WORK INSTRUCTION: "with" appears in how many lines of the entries? State only the number.

GIVEN ENTRIES:

- - -

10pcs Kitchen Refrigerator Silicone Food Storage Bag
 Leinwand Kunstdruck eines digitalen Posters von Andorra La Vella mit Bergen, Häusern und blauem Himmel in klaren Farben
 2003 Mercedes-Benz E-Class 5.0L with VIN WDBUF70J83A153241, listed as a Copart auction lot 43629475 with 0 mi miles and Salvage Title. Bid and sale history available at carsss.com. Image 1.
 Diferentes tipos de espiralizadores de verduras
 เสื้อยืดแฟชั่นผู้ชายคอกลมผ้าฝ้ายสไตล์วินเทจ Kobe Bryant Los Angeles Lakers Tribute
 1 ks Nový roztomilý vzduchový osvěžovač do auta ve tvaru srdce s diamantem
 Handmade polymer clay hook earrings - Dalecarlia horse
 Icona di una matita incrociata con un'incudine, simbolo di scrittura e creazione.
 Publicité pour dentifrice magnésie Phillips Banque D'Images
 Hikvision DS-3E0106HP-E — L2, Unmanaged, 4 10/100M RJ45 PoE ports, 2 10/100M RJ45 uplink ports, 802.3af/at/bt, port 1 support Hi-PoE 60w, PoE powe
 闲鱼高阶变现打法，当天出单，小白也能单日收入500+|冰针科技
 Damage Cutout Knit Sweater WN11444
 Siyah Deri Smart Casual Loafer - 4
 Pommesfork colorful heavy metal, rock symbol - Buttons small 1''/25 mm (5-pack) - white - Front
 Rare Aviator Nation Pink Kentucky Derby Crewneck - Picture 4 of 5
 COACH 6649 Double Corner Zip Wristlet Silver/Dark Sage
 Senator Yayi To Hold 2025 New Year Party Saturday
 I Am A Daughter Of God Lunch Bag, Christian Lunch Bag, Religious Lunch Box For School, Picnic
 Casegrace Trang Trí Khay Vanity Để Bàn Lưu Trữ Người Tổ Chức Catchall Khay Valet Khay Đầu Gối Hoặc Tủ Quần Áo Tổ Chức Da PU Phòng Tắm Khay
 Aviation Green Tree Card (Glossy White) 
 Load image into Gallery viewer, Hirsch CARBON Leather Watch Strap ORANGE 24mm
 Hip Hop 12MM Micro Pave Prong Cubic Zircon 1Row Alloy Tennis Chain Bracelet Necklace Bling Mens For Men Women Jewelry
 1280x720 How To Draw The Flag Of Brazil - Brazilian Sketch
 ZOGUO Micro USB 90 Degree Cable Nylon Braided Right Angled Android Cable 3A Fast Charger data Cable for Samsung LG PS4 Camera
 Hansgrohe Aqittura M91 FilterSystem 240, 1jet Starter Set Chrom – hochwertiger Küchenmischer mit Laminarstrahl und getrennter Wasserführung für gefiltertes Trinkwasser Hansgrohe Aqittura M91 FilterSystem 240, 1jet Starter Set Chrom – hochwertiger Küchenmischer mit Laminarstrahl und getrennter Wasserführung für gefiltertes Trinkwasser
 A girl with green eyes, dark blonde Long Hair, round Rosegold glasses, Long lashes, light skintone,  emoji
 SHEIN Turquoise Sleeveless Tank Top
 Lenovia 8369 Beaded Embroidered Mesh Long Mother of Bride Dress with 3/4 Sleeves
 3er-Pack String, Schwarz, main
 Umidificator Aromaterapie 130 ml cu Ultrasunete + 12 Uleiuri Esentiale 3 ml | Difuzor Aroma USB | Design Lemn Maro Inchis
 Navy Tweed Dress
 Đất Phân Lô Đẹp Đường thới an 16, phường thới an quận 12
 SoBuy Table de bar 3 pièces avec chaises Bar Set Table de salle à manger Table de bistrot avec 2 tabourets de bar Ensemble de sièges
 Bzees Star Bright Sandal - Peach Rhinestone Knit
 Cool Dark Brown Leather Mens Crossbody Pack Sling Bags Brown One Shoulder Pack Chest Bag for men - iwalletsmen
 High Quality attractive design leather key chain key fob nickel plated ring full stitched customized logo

- - -

RESPONSE: 3